◆ Work request
Return all the lines below in which the string "flower" appears.

◆ Provided entries
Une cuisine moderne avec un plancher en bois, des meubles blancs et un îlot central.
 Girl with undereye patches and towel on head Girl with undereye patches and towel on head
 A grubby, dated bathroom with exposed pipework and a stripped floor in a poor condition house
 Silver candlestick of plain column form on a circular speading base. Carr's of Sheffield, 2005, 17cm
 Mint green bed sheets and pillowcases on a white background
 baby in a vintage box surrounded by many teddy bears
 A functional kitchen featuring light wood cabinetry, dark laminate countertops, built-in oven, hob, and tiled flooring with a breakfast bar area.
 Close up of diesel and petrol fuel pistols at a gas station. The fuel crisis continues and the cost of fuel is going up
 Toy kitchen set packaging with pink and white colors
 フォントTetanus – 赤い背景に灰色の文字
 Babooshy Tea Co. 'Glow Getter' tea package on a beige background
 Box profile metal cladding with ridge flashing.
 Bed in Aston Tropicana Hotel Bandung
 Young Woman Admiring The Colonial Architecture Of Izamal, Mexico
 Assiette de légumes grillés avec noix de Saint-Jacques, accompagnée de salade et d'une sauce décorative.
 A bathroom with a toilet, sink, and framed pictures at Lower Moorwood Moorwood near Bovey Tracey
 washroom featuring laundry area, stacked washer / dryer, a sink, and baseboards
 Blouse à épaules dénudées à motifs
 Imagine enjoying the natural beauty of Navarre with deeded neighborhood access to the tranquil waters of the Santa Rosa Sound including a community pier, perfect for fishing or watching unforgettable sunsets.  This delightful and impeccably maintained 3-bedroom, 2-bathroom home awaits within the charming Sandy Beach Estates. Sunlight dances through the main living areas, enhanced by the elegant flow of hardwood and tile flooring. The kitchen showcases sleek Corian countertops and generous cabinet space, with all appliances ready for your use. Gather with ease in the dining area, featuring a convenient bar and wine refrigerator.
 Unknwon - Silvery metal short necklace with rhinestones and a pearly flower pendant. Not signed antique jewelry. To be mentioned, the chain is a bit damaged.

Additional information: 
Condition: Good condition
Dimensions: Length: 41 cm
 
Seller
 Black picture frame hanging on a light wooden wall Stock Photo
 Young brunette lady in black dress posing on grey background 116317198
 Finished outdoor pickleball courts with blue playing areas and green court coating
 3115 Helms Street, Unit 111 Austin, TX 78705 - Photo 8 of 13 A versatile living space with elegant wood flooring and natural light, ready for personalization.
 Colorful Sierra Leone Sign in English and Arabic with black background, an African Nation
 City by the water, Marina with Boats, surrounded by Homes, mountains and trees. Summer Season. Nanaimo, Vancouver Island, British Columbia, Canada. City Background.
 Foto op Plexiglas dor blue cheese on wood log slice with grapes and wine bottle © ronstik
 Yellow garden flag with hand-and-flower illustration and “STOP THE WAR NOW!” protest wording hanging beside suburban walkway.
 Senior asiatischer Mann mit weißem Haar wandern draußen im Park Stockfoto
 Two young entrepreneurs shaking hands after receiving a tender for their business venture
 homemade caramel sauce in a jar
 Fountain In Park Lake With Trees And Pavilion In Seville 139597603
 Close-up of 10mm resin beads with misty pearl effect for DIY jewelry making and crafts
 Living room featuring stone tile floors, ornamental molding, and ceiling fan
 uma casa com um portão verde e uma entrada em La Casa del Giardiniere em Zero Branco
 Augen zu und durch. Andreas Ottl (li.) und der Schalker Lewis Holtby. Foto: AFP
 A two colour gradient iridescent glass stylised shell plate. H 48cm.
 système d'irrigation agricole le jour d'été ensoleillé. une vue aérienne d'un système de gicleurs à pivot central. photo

◆ Result of this exercise
 Unknwon - Silvery metal short necklace with rhinestones and a pearly flower pendant. Not signed antique jewelry. To be mentioned, the chain is a bit damaged.
 Yellow garden flag with hand-and-flower illustration and “STOP THE WAR NOW!” protest wording hanging beside suburban walkway.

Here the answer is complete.